Records from a data collection:

▽

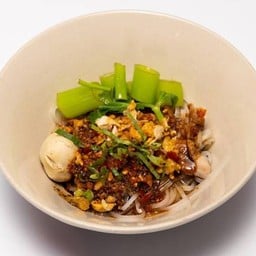 ก๋วยเตี๋ยวแห้งหมู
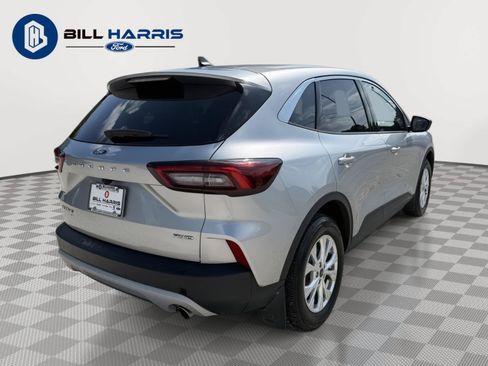 Used 2023 Ford Escape Active AWD/4WD image 5
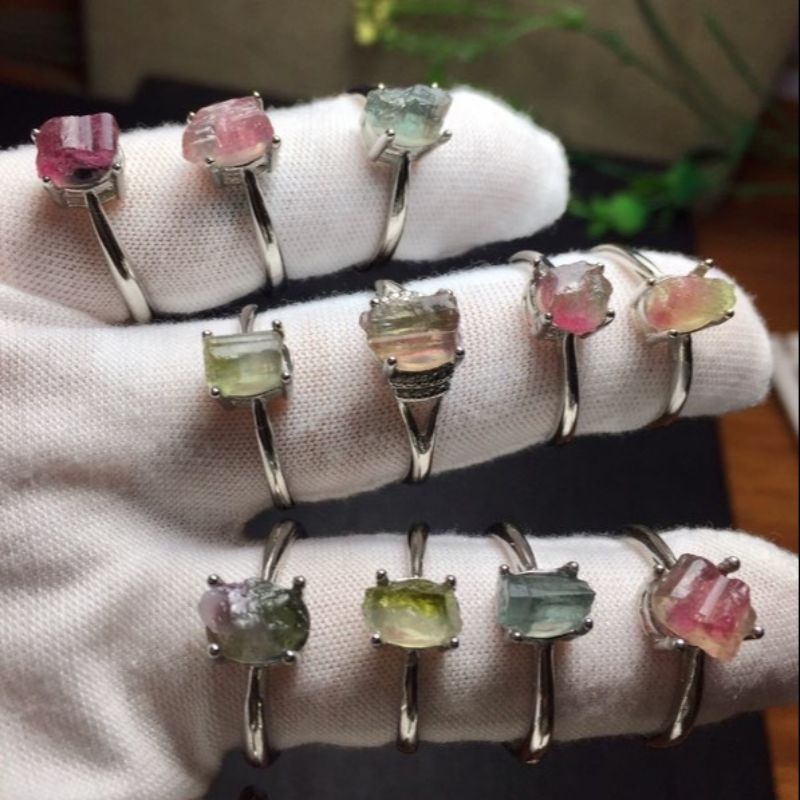 The bright crystal jewelry natural tourmaline rough stone copper set open ring is so beautiful Specification image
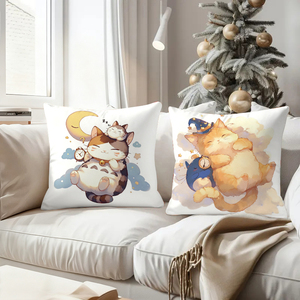 Милые спящие котики с часами и звездами на уютных подушках для праздничного домашнего декора. - Product Image 4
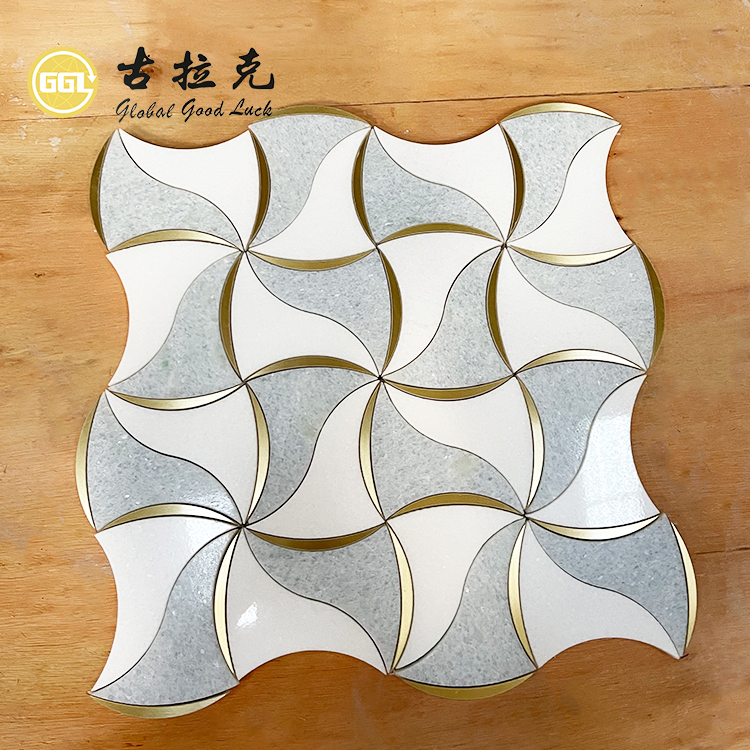 Welliges Design Weiß Blau Marmor Mix Messing Muschelmosaikfliese Innenwand Boden Dekor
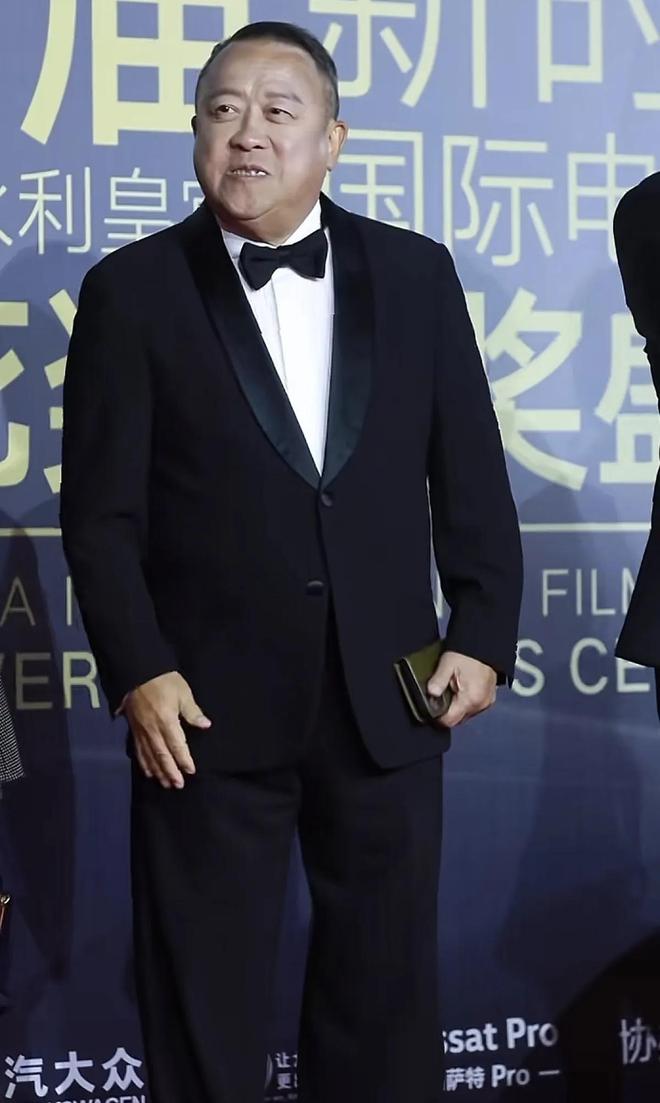 嚼口香糖与金沙总裁骑旋转木马挺幼稚尊龙凯时曾志伟澳门参加电影节台上(图6)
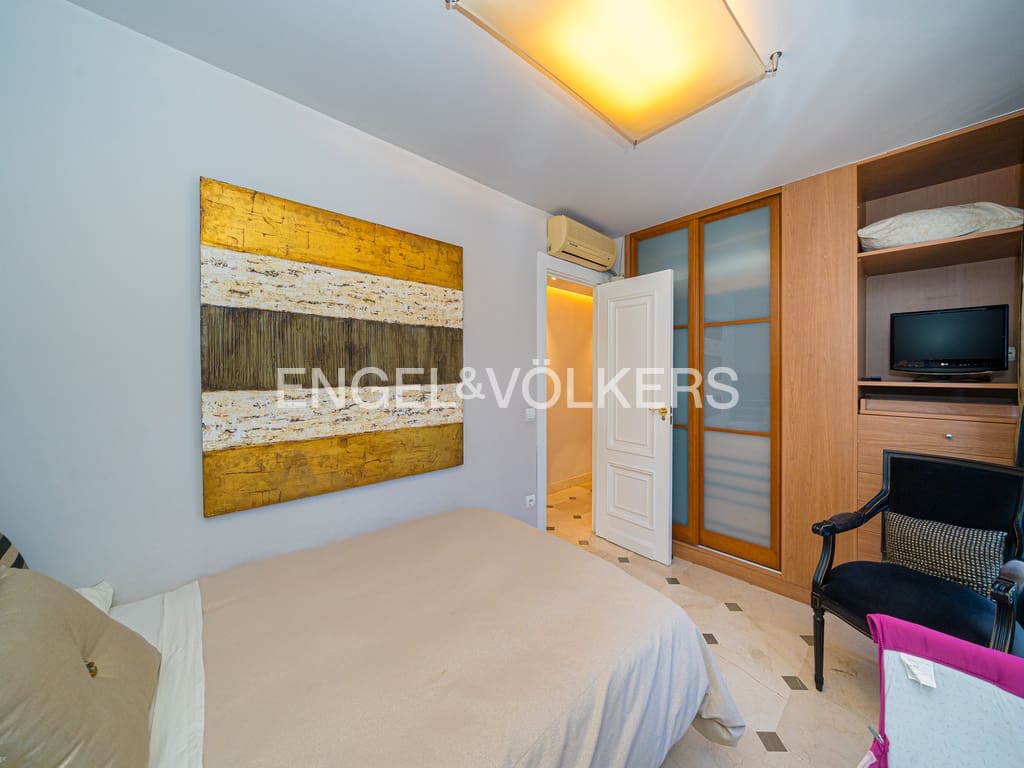 3 Zimmer Apartment zu verkaufen in Benidorm mit Pool Garage - 900.000 € (Ref: 8969066)
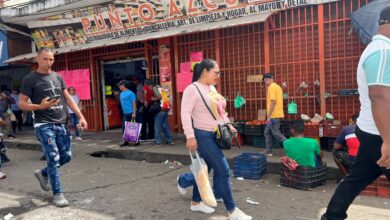 El centro de Maturín luce desolado mientras los mercados registran alta afluencia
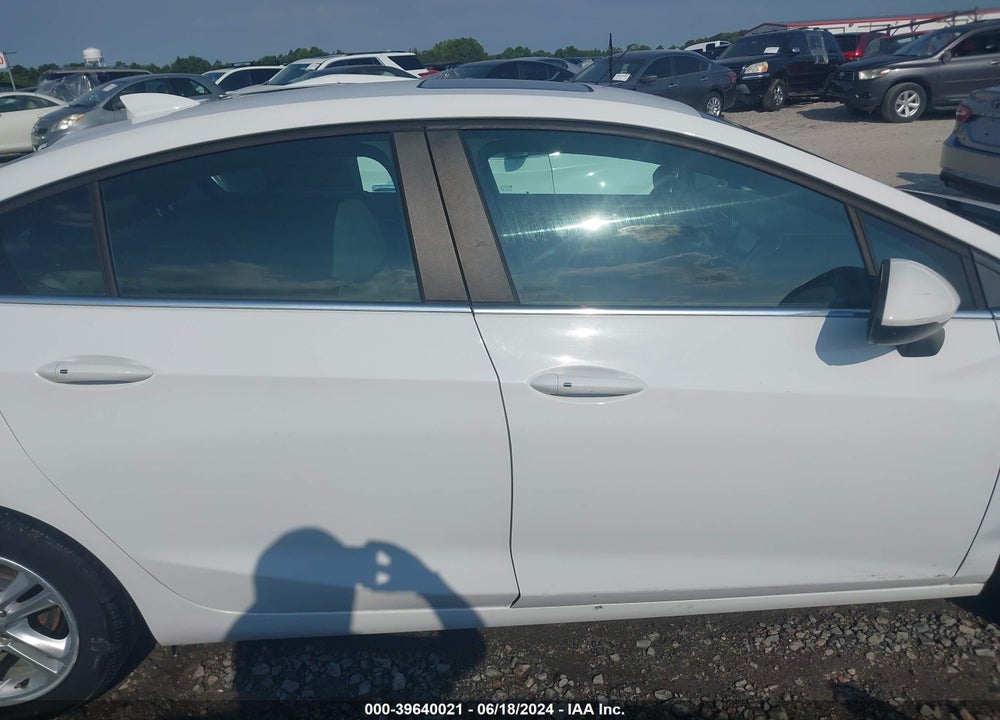 2018 CHEVROLET CRUZE LT AUTO VIN: 1G1BE5SM0J7214530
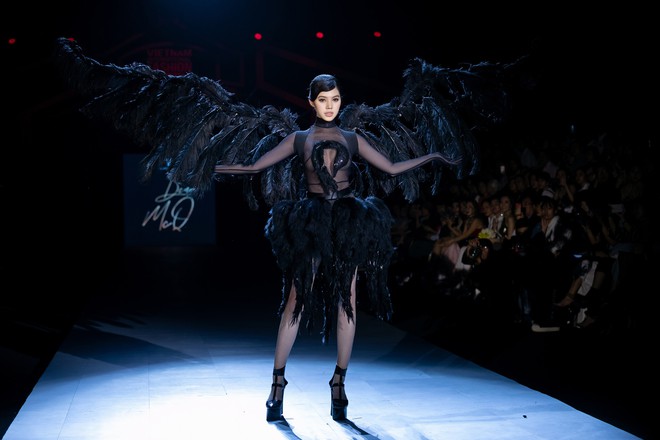 Vedette gắt nhất VIFW mùa này: Jolie Nguyễn hóa thiên nga đen siêu sexy, trở lại runway sau 2 năm - Ảnh 4.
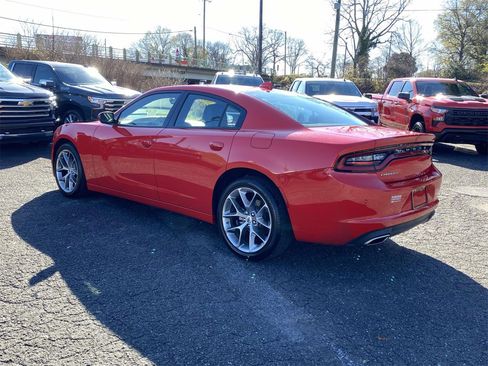 Used 2022 Dodge Charger SXT w/ Plus Group image 4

△

### WHAT YOU WILL DO
Find the line that contains "El centro de" and repeat it, along with every line after it to the end of the data, exactly; drop the pictures.

### EXERCISE OUTPUT
 El centro de Maturín luce desolado mientras los mercados registran alta afluencia
 2018 CHEVROLET CRUZE LT AUTO VIN: 1G1BE5SM0J7214530
 Vedette gắt nhất VIFW mùa này: Jolie Nguyễn hóa thiên nga đen siêu sexy, trở lại runway sau 2 năm - Ảnh 4.
 Used 2022 Dodge Charger SXT w/ Plus Group image 4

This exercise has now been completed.